Uno sgabello in legno, collocato fuori dal terreno ma molto vicino al suo perimetro, sul lato corto, pare essere l’unico oggetto presente ma non l’unica presenza, perché mettendosi in ascolto si avvertono il cinguettio di alcuni uccelli, il fruscio del vento tra gli alberi, piccoli colpi (a tratti insistenti), battiti ripetuti, uno strofinio, il rumore di qualcosa che viene grattato o strappato, passi.
Nonostante l’ambiente sia popolato di suoni, Il giardino di mio padre. Gli oggetti sotterrati (2019), opera site specific realizzata da Viel appositamente per il PAC, è un lavoro sul silenzio e, con maggiore esattezza, sul silenzio accumulato tra un padre e un figlio, che porta con sé riflessioni sull’identità di genere maschile e sulla difficile eredità simbolica del patriarcato. Un’eredità scomoda, con cui fare i conti.
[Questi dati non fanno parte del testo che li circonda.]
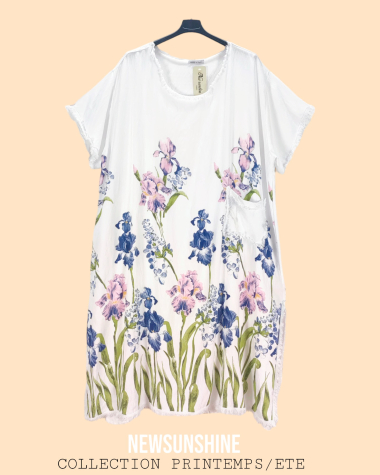 Wholesaler New Sunshine - Long oversized printed dress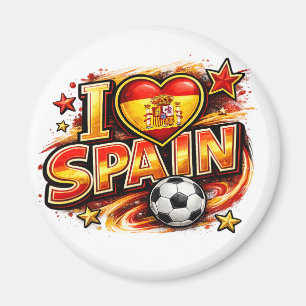I Love Spain Soccer Fan Patriotic Spain Foot Magnet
In occasione della 15° Giornata del Contemporaneo Viel ha realizzato la performance Il giardino di mio padre. Gli oggetti sotterrati, dedicata al padre e alla sua scomparsa.
L'artista entra nell’installazione e inizia a perlustrare il giardino, a misurarne a occhio la superficie, a smuoverne il terreno in un tentativo di trovarvi i reperti tardivi di un contatto tra due uomini: si sposta da un punto all’altro, di tanto in tanto si inginocchia e usa le mani per cercare e dissotterrare oggetti che lascia provvisoriamente sulla superficie per poi tornare a sotterrarli, insieme agli altri emersi nel ripetersi di questi gesti. Quando esce dal terreno, tutti gli oggetti sono stati risotterrati.
Ad azione finita, e per tutta la durata della mostra, i visitatori, ascoltando l’intervento sonoro ambientale, possono percorrere o osservare il giardino, sedersi sullo sgabello e restare a guardare il vuoto paesaggio.
Completa l’installazione un grande foglio di semplice carta bianca, incorniciato, sul quale Viel ha elencato a mano tutti gli oggetti sotterrati nel giardino.